Wednesday, September 15, 2010

attached!

sup guys, hehe i'm attached!
to those people who are thinking wa this boy hongster,
yea fuck you uh! HAHA
why for waste my time being sad over a girl who probably fuck care,
when i can give my love to another girl who will love me the same..

yeap just a short post to tell my readers, i doubt there's any LOL.

and, i love my friends, you guys have been through with me alot hehe
i love my friends :)

Saturday, September 11, 2010

lies

haha you and your lies,
i guess i have no more feelings of you anymore
hate you ttm, can't believe you are such a person haha.

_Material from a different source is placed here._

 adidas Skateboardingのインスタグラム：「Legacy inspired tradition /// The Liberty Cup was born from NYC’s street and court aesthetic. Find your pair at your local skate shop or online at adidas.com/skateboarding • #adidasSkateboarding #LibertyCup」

i swear you talk alot of bullshit.. :(

on a lighter note, such a fun day ytd!
followed my friends to fish tank,
gosh so awkward!
had a nice dream i swear,
my crush was my gf and we went overseas tgt,
when we came back singapore we meet each other at the chalet.
we saw our pri sch friends and all. we kissed. sweeet~

ITS JUST A FUCKING DREAM.

Friday, September 10, 2010

promises



remember we had that promise, to never say break up to each other?
well, i knew that one of us would break it, and i was certain it would be me.
you proved me wrong, though.
remember how we said we wanted to get a couple tattoo,
one without names, just something that would remind each other
of the other party?
well, thats sweet, really.
it's over now, 18 days have passed.
i really hope this is just a bad dream..
you really aren't giving this thing another shot are you?
guess it;s just me living in my fucking pathetic past.

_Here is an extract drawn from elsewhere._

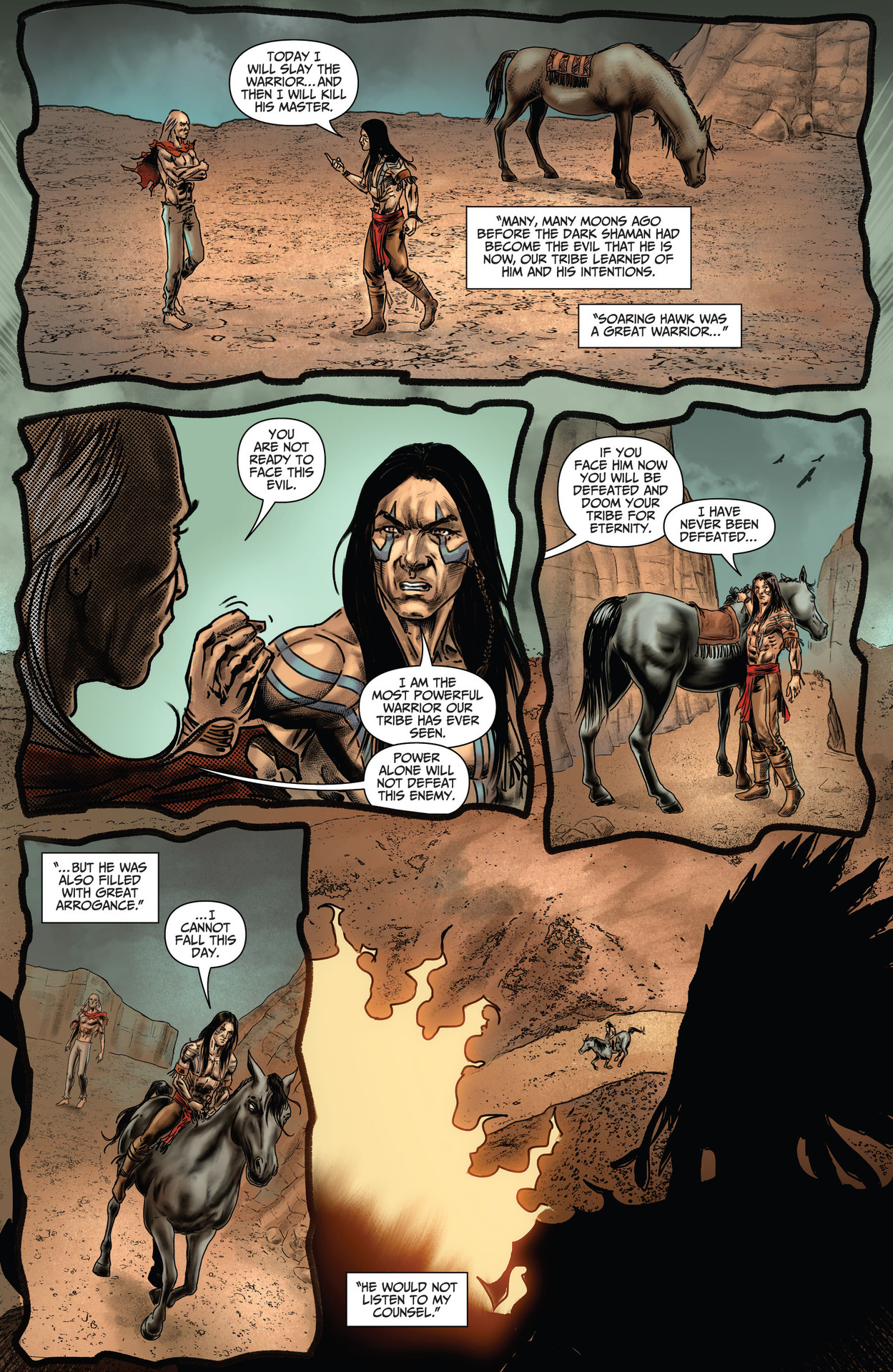 Robyn Hood: Dark Shaman (2023) issue 1 - Page 20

my friends told me to move on, i can't ,
i'm just too into you.
i've tried to hate you, needles to say, i failed.
i'm just a guy trying to be the best bf,
but you ought to let me know what went wrong
instead of simply "we did'nt click"
i really want this r/s back.

i swear i'm suppose to forget you,
but you seemed so happy.
so much for being just a fan.
i didn't knew you this way, hugging people freely and all.
you've changed. i want the old you.. really.
guess thats not gonna happen at all.

you're one of a kind, really.

you shall always be a part of me i guess :(

Thursday, September 9, 2010

you

it has always been yourself that you worry over,
you text me telling me that you did not toy with my feelings,
but thats how i felt. you wrote on twitter telling my friends like
i treated you badly in the past, i never said anything.

just go, i can't get the old you back. but can the new you please
get away from my life. you're fucking annoying whenever i think that you
can just end a relationship like that. well done seriously.

i love you, and i hate you. my life is damn f up ever since you're gone.
what more do you want. you're already so happy now. fml

Wednesday, September 8, 2010

through

i've thought things through,
she's not coming back anw if she wasn't serious.
haha so long never get played in r/s, it sucks really.
but i shall try my best to get over her completely.
gosh, my 5 months wasted on her sian.

haha jolie lim, i love you but you had to toy with my feelings.
idk what you want exactly but over means over le ba.

Monday, September 6, 2010

thoughts

well, i think i can try being her friend all over again..
hopefully that will get her back? idk :(
i miss her ba.. its's nearing 5 and i can;t sleep.
going to malaysia tomorrow, hopefully have fun there..

i bought my new braun buffel wallet yeay :)
buy with my own money hehe so happy.
actually i asked for $50 from my dad but apparently
it;s too much for him.
the reason why i wanted a change of wallet is
because i didn't know my brown checkered wallet is
trying to copy LV..
so ps lor..
then the $50 for my bday also kena scolded :(

i remember how when i was p5 my dad said
"4 years later i'll get whatever you want, now is tough times
daddy promised to make it up to you"

well, 5 years later i still can't get what i wanted,
and yet i'm always scolded for breaking my promises.
i wonder who is the biggest liar in the family?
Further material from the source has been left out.